Culpabilização + silenciamento = impunidade! A equação é muito simples, e é ela que explica a razão pela qual os estupradores da adolescente carioca não hesitaram em divulgar fotos e vídeos do crime na web. A certeza da impunidade também fez com que Raí de Souza, um dos principais acusados, depois de deixar a delegacia sorrindo, simplesmente tenha decidido guardar na casa de um amigo o celular que o incriminaria.Raí e Laércio apostaram altíssimo e a justiça reagiu, mas não se engane: eles são exceção à regra. Mais uma vez, a própria Justiça age de forma arbitrária na maioria dos casos de estupro e é aí que a bola de neve se forma. As denúncias já são escassas e, quando acontecem, ainda encontram muita burocracia, perícia mal feita e investigação negligente. Isso resulta em menos denúncias ainda... e mais impunidade!
A juiza Teresa Cristina dos Santos, especialista em violência doméstica, é categórica em dizer que a perícia policial costuma ser muito mais rigorosa em casos de crime contra o patrimônio do que nos de violência contra a mulher. Ela conta que geralmente o laudo só da conta de analisar a integridade física da vítima e a perícia nem mesmo é enviada ao local do crime.
Teresa também defende a criação de um protocolo de atendimento específico para casos de violência sexual, por conta da natureza emocional desse tipo de crime. "Costumo dizer que quem passa por um roubo ou furto chega na delegacia furioso, com sangue nos olhos. Com as vítimas de estupro é diferente, elas chegam com lágrimas nos olhos", completa a promotora Silvia Chakian.
Tá na hora de quebrar o ciclo!

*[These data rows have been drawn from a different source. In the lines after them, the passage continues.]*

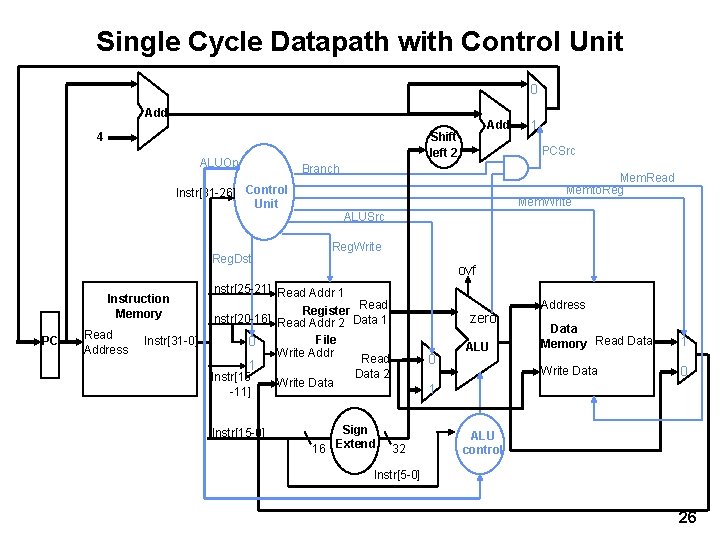 Single Cycle Datapath with Control Unit 0 Add ALUOp Reg. Dst PC Read Address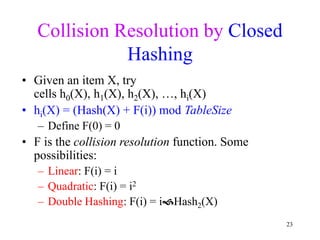 Hashing In Data Structure Download PPT i | PPT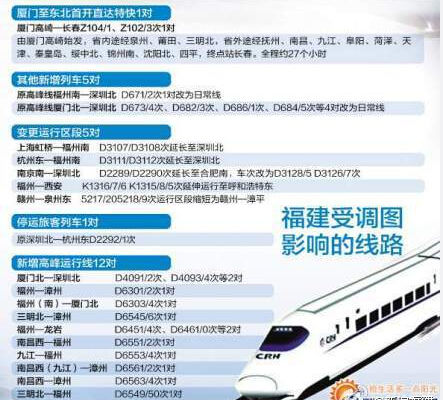 厦门动车最新招聘信息概览
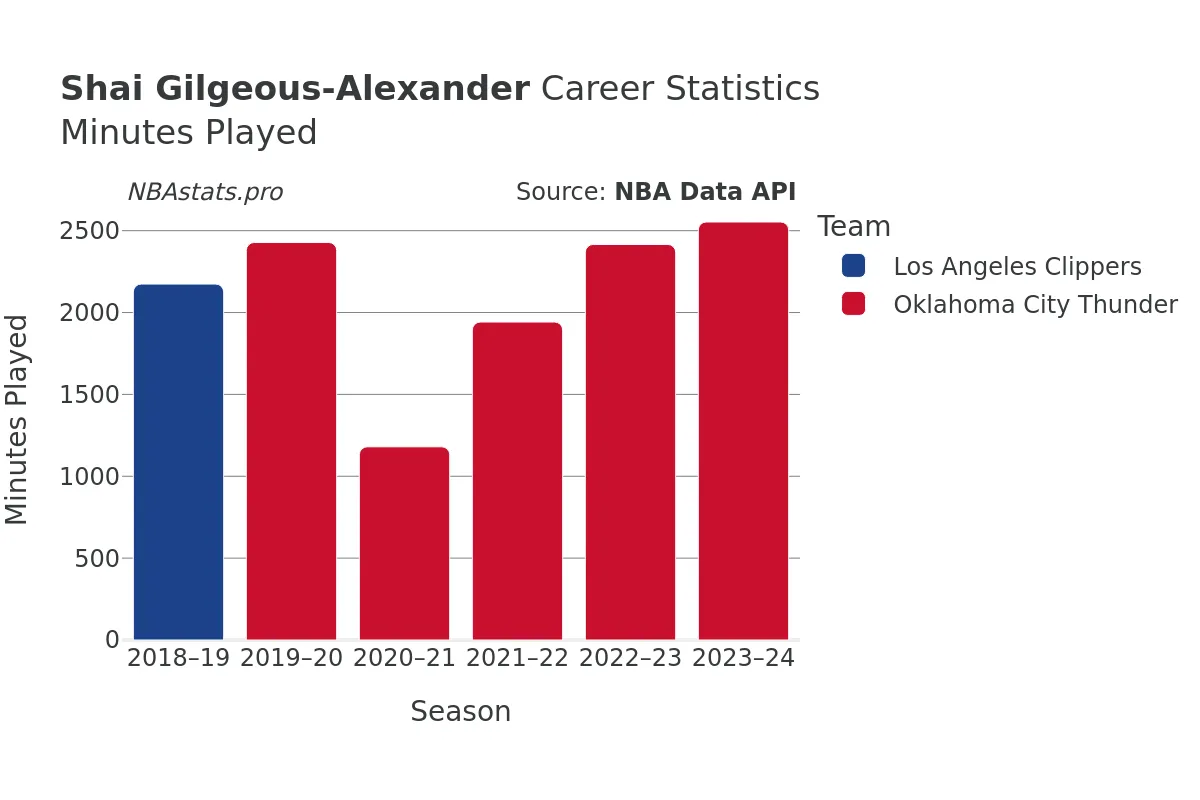 Shai Gilgeous-Alexander Minutes–Played Career Chart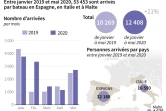 Arrivées de migrants par la Méditerranée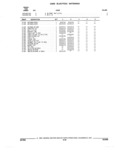 Next Page - Parts and Accessories Catalog 32C February 1993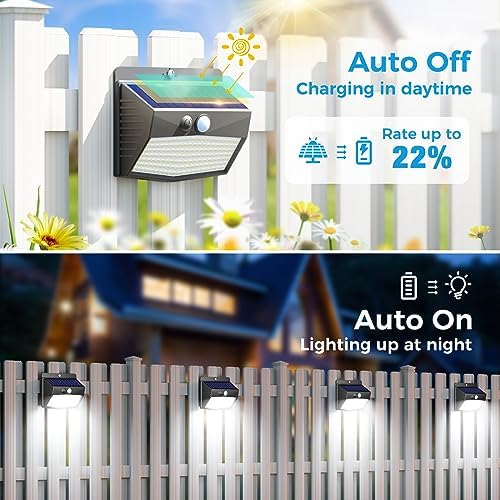 Peasur 20 Pack Solar Motion Sensor Lights Outdoor Waterproof - Image 2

Para um Brasil com menos estupro, é preciso menos culpabilização, menos silenciamento e menos impunidade. É preciso que mais meninos aprendam a não estuprar, para que menos meninas ouçam que deviam ter se dado ao respeito. O respeito é nosso por direito e a culpa NUNCA é da vítima. De burca ou pelada, nenhuma de nós merece ser estuprada!